**Problem statement**
Only one stretch of the data below is needed: the line with "Wide Snake Bone Necklace_Silver" through the last line. Output it exactly and drop the pictures.

**Record extracts**
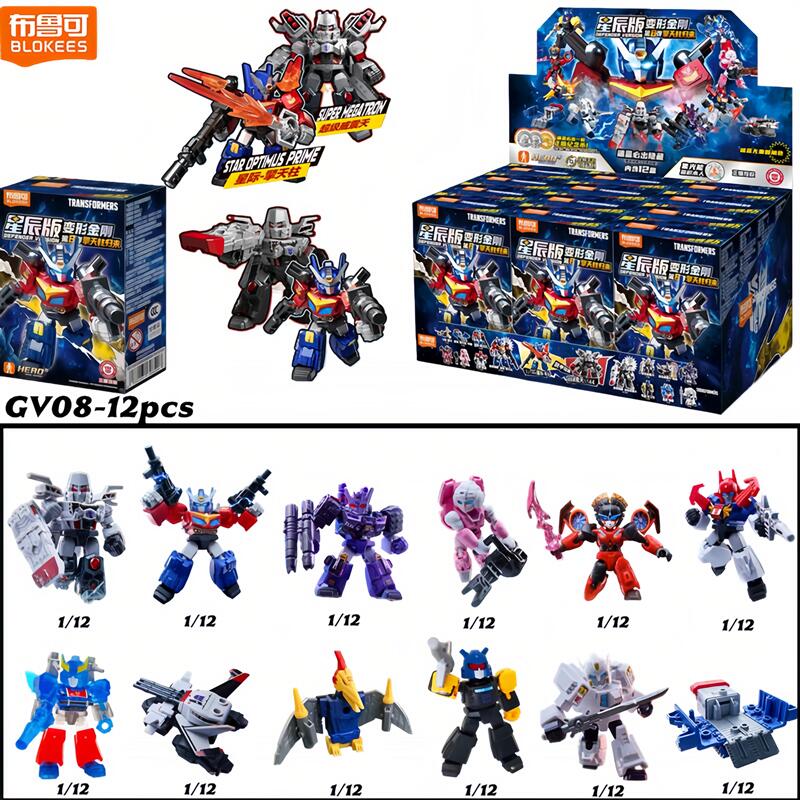 Model Kit Transformers - Em Estoque Blokees Transformers GV08 12PCS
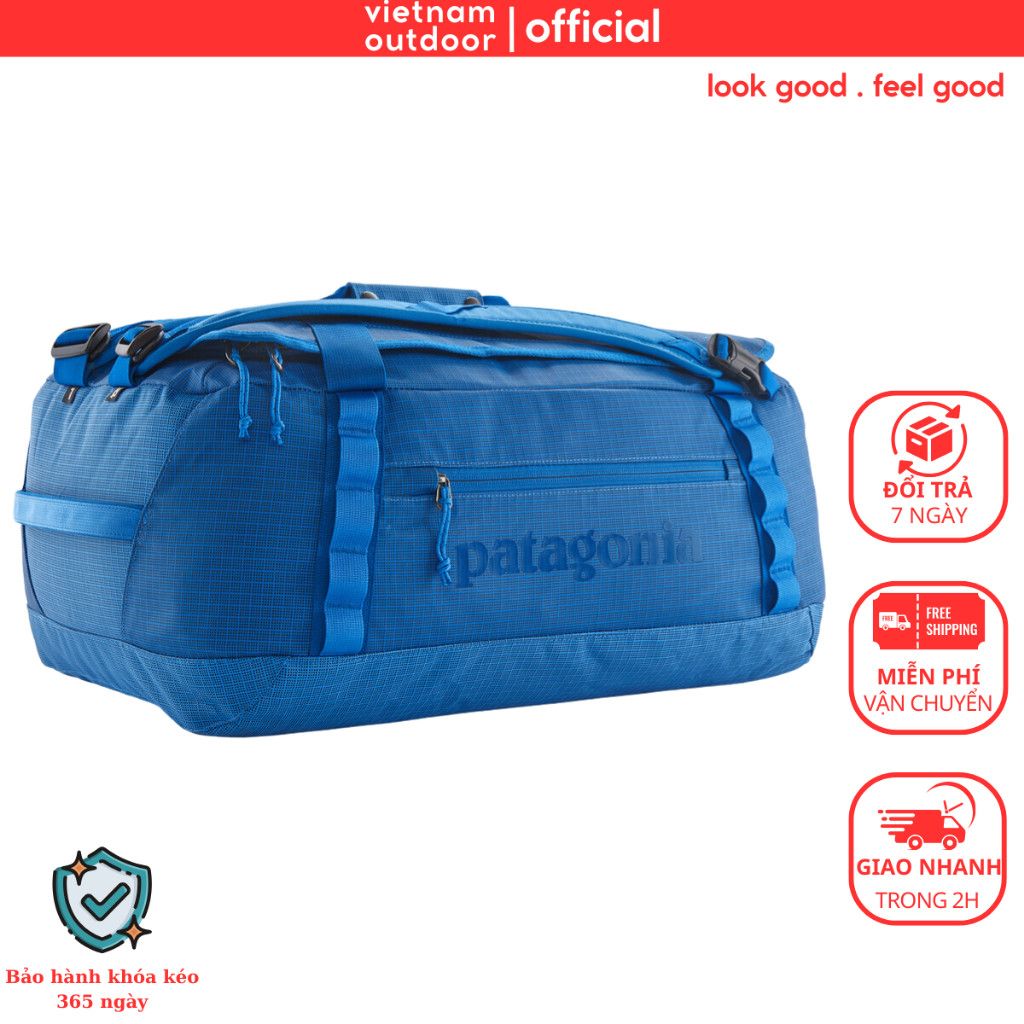Túi Trống Du Lịch PATAGONIA BLACK HOLE DUFFEL 40L Chống Thấm Nước Thiết Kế Linh Hoạt Ngăn Lớn
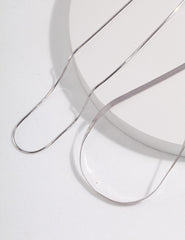 Wide Snake Bone Necklace_Silver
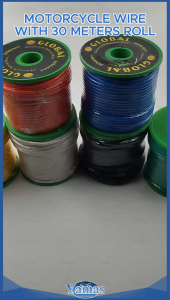 Car automotive motorcycle wire with 30 meters roll size18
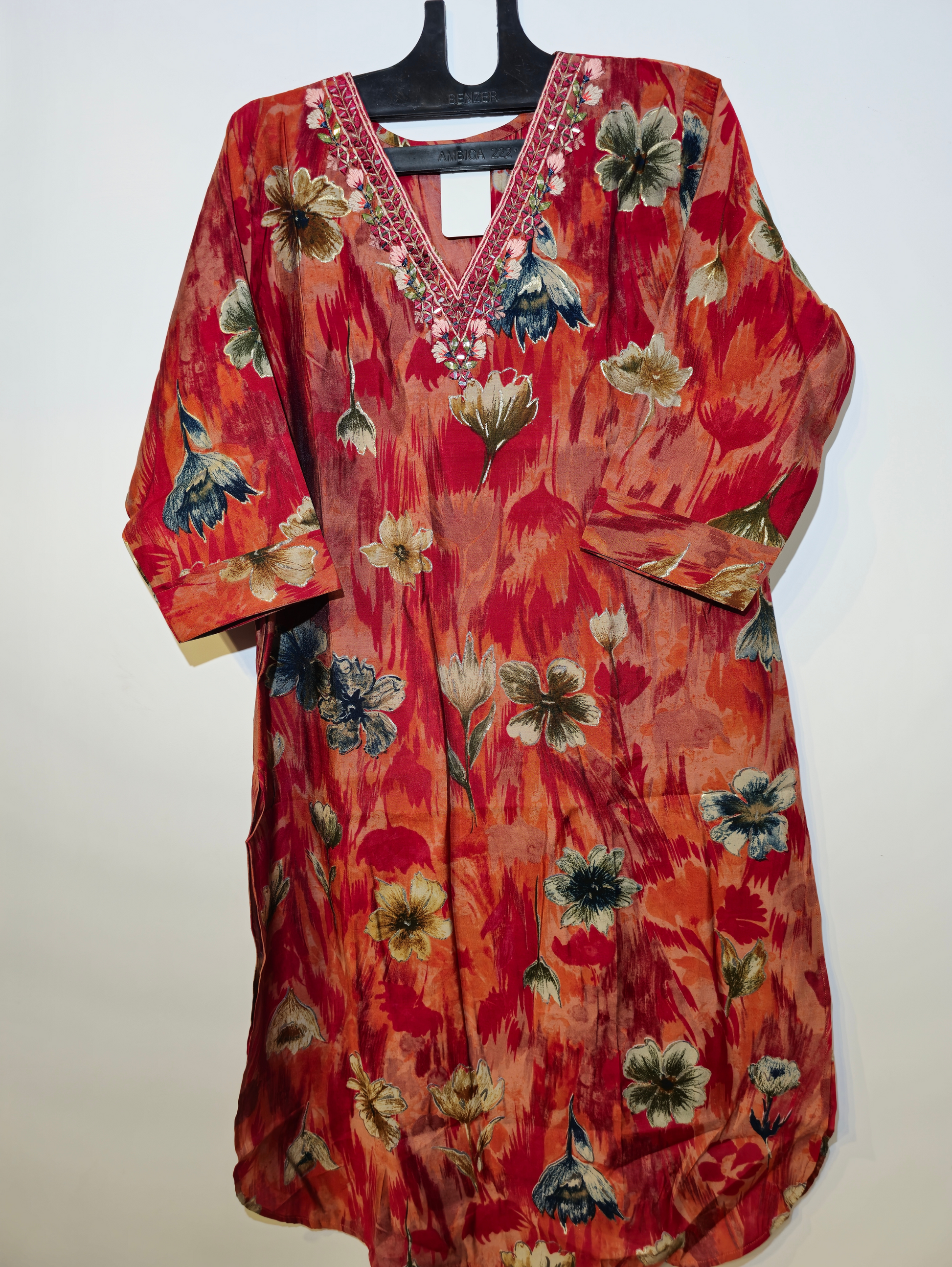 Designer Muslim Straight Kurti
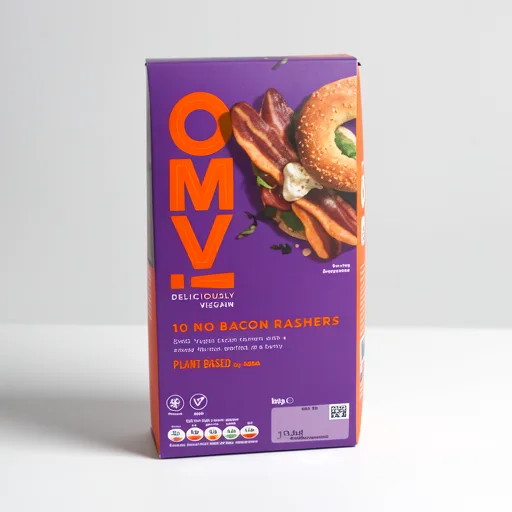 Plant Based OMV! 10 No Bacon Rashers 180g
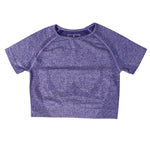 Load image into Gallery viewer, Seamless Yoga Top Long Sleeve Workout Tops for Women Fitness Vital Gym Crop Top Athletic Gym Shirt Women Sportswear Short Active
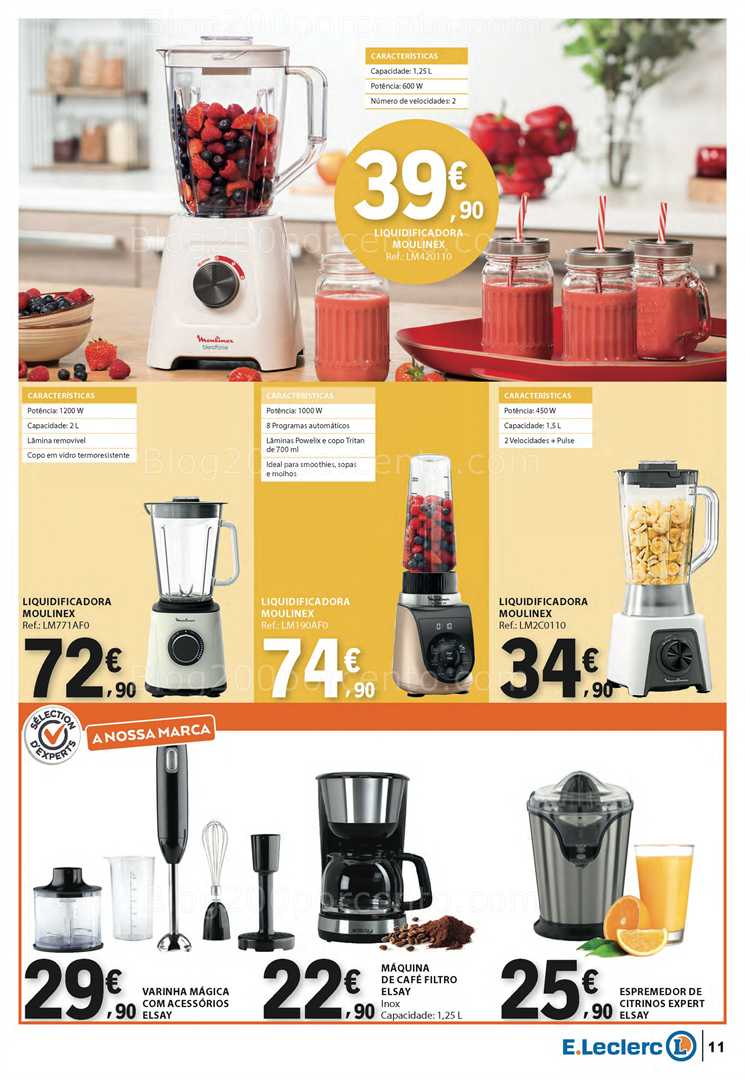 Antevisão Folheto E-LECLERC Bazar Promoções de 14 a 27 agosto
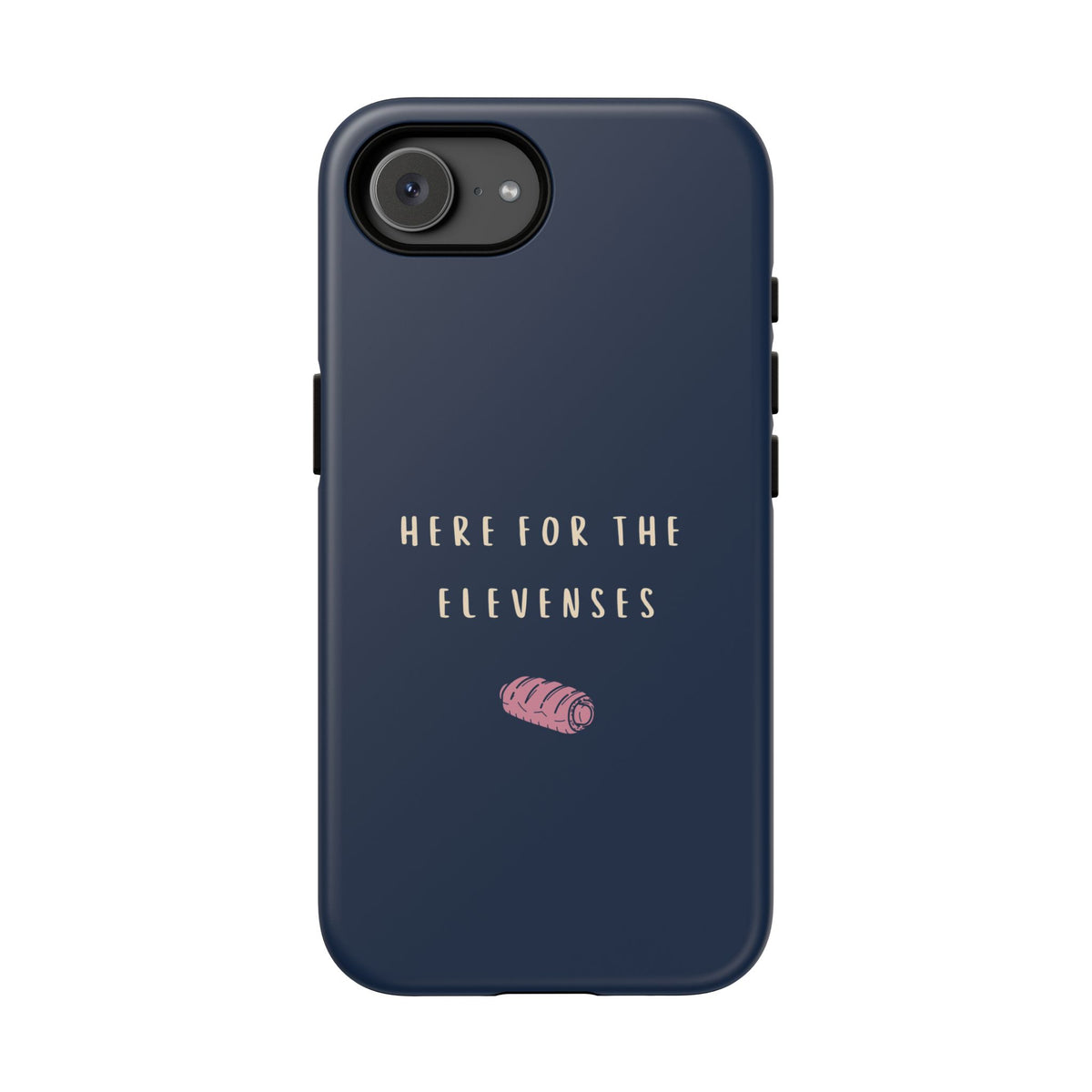Navy & Pink 'Here for the Elevenses' Case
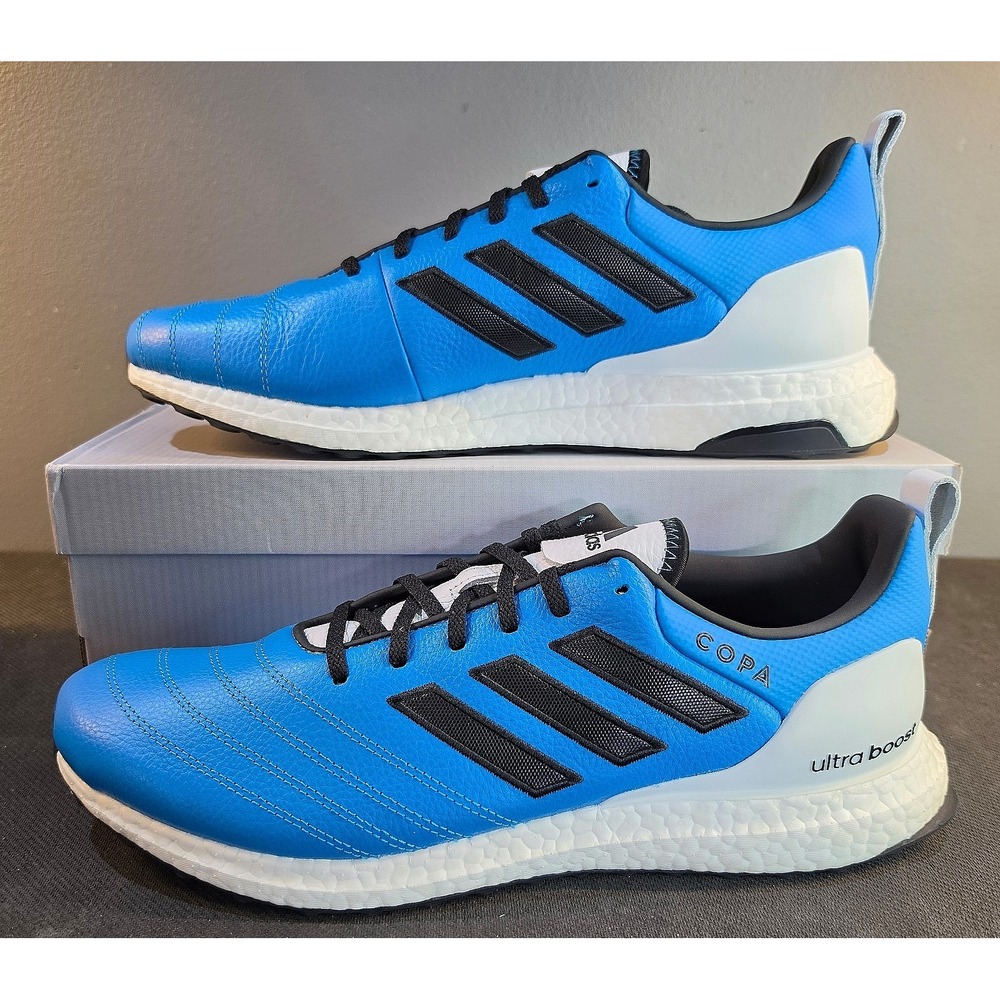 New Men 12.5 Adidas Ultraboost x Copa HQ5904 Charlotte FC Shock Blue Leather NIB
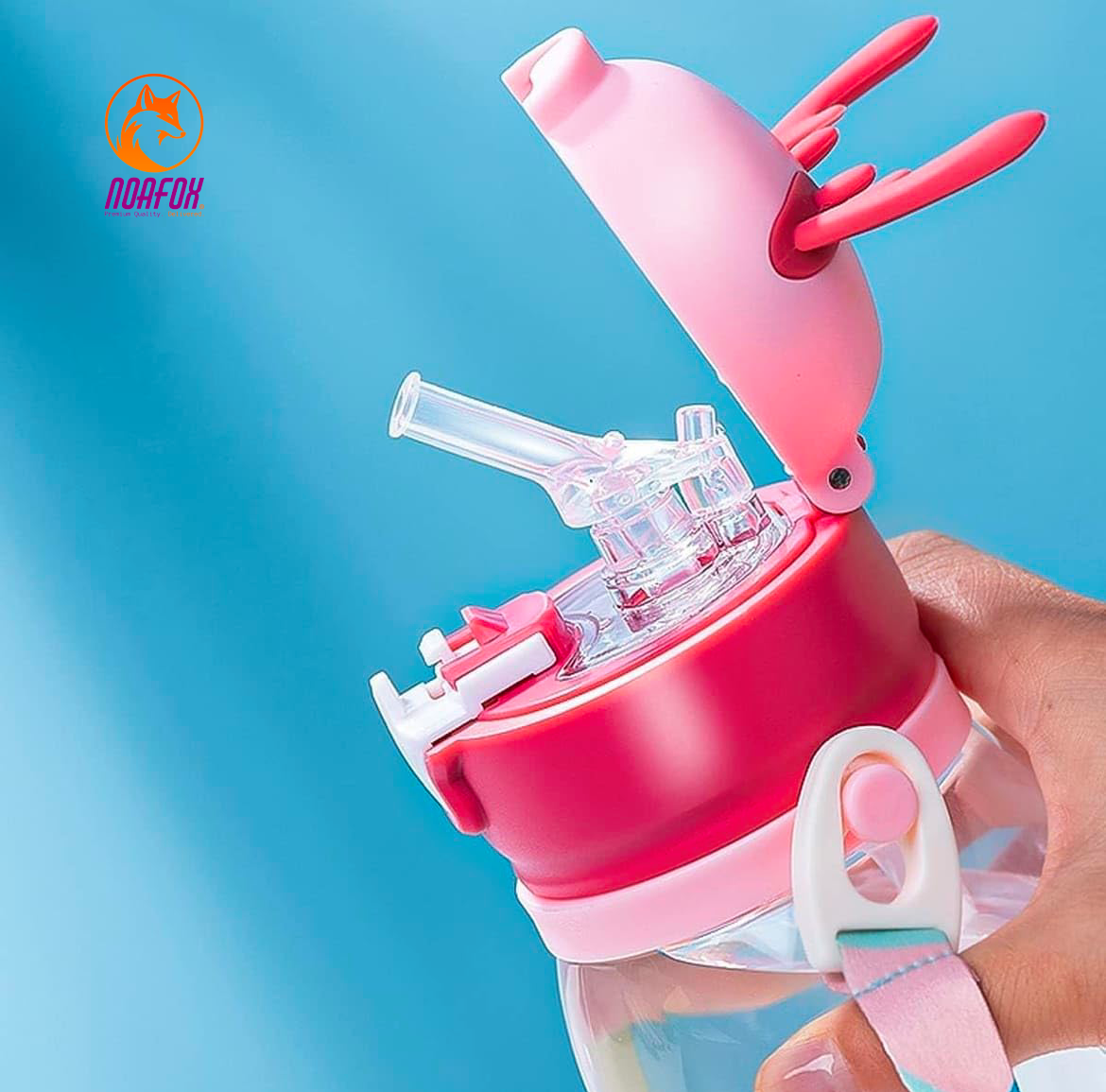 Sipper Water Bottle for Kids (Pack of 1) | Noafox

**Output of the exercise**
 Wide Snake Bone Necklace_Silver
 Car automotive motorcycle wire with 30 meters roll size18
 Designer Muslim Straight Kurti
 Plant Based OMV! 10 No Bacon Rashers 180g
 Load image into Gallery viewer, Seamless Yoga Top Long Sleeve Workout Tops for Women Fitness Vital Gym Crop Top Athletic Gym Shirt Women Sportswear Short Active
 Antevisão Folheto E-LECLERC Bazar Promoções de 14 a 27 agosto
Navy & Pink 'Here for the Elevenses' Case
 New Men 12.5 Adidas Ultraboost x Copa HQ5904 Charlotte FC Shock Blue Leather NIB
 Sipper Water Bottle for Kids (Pack of 1) | Noafox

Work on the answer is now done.